Reputation: 54
I have basically a data
table like that (a partition id
, along with a serialized value serialized_value
) :
CREATE TABLE keyspace.data (
id bigint,
serialized_value blob,
PRIMARY KEY (id)
) WITH caching = {'keys': 'ALL', 'rows_per_partition': 'NONE'}
AND compaction = {'class': 'org.apache.cassandra.db.compaction.LeveledCompactionStrategy', 'enabled': 'true'}
AND compression = { 'class' : 'LZ4Compressor'};
The usecase involves to maintain multiples versions of the data (serialized_value
for a given id
).
Every day, I will have to sent into Cassandra a fresh version of the data. It involves 100 millions of rows/partitions each time.
Of course, I don't need to maintain ALL version of the data, only the last 4 days (so the four most recent version_id
).
I identify three solutions to do that :
solution 1 : TTL
the idea is to set a TTL at insert time. In that a way, oldest versions of the data are automatically dropped, without having problems related to thombstones.
pros :
- no read performance penalty (?)
- no problem related to thombstones
cons :
- if fails occur with ingestion several days, I may loose all the data from the Cassandra cluster because of TTL automatic delete
solution 2 : dynamic tables
the table creation becomes :
CREATE TABLE keyspace.data_{version_id} (
id bigint,
serialized_value blob,
PRIMARY KEY (id)
) ...;
the table name include the version_id
.
pros :
- the table (corresponding to a version) is easy to delete
- no read performance penalty
- no problem related to thombstones
cons :
- dynamically adding a table to the cluster might need all the nodes to be up every time.
- a bit more difficult to handle client side (query specific table name, instead of the same one)
solution 3 : large amount of deletes
in that case, all the data stay in a single table, and a version_id
is added to the primary key.
CREATE TABLE keyspace.data (
version_id int,
id bigint,
serialized_value blob,
PRIMARY KEY ((version_id,id))
) ...;
pros :
- only one single table to create and maintain, for the entire application lifecycle
cons :
- read performance penalty may occurs because of lot of thombstones
- problem related to thombstones, because large amount of data need to be deleted, in order to purge all data related to old version_id.

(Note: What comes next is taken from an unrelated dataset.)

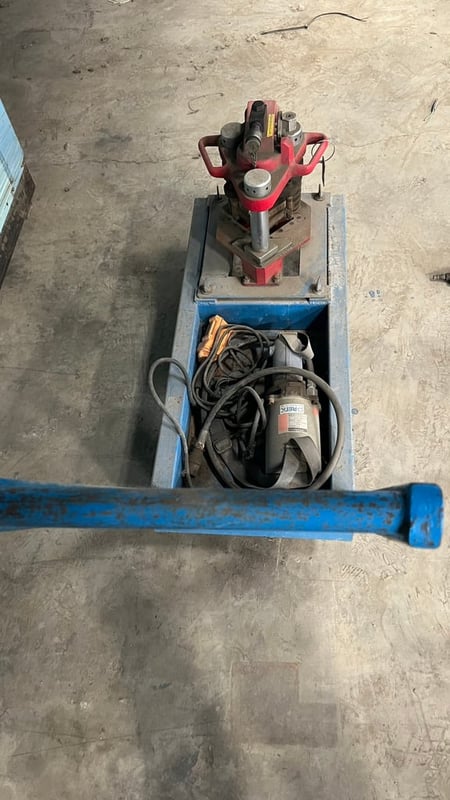 เครื่องบากมุมเหล็กแผ่น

the delete will only match the exact partition key, so it will generate
partition thombstones
and NOTcell thombstones
. but thus, I'm afraid of the performance of doing that..
What is the best way for you to acheive that ? :-)
Upvotes: 0
Views: 465
Reputation: 16353
It would be preferable to cluster your data based on a date or timestamp sorted in reverse order and still with TTL set. For example:
CREATE TABLE ks.blobs_by_id (
id bigint,
version timestamp,
serialized_value blob,
PRIMARY KEY (id, version)
) WITH CLUSTERING ORDER BY (version DESC)
If you have a default TTL on the table, older versions will automatically expire so when you retrieve the rows with:
SELECT ... FROM blobs_by_id WHERE id = ? LIMIT 4
Only the 4 most recent rows will be returned (in descending order) and you won't be iterating over the deleted rows. Cheers!
Upvotes: 2